* Activity
In the records below, repeat exactly the lines between the line holding "Still By Jennifer" and the line holding "Recette Secret de", inclusive, and drop the pictures.

* Extracted records
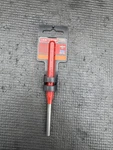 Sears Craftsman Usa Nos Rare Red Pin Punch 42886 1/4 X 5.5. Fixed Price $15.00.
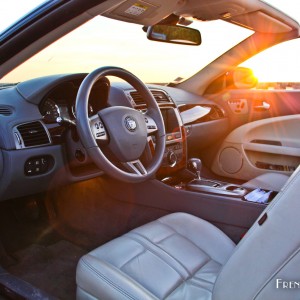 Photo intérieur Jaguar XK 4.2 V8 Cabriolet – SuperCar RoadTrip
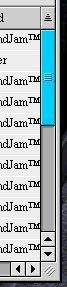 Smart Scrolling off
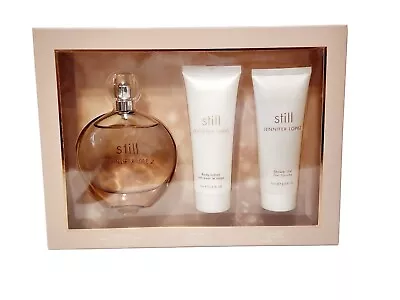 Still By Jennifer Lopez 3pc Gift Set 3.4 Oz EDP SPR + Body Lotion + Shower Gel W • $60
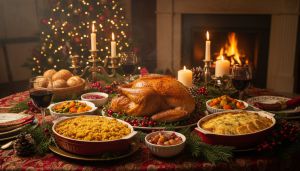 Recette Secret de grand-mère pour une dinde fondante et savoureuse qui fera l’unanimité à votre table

* * *

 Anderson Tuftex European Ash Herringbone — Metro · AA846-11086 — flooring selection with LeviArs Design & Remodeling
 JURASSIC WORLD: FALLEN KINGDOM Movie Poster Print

==

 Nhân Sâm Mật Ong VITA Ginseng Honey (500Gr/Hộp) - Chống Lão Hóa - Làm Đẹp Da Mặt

* Task answer
 Still By Jennifer Lopez 3pc Gift Set 3.4 Oz EDP SPR + Body Lotion + Shower Gel W • $60
 Recette Secret de grand-mère pour une dinde fondante et savoureuse qui fera l’unanimité à votre table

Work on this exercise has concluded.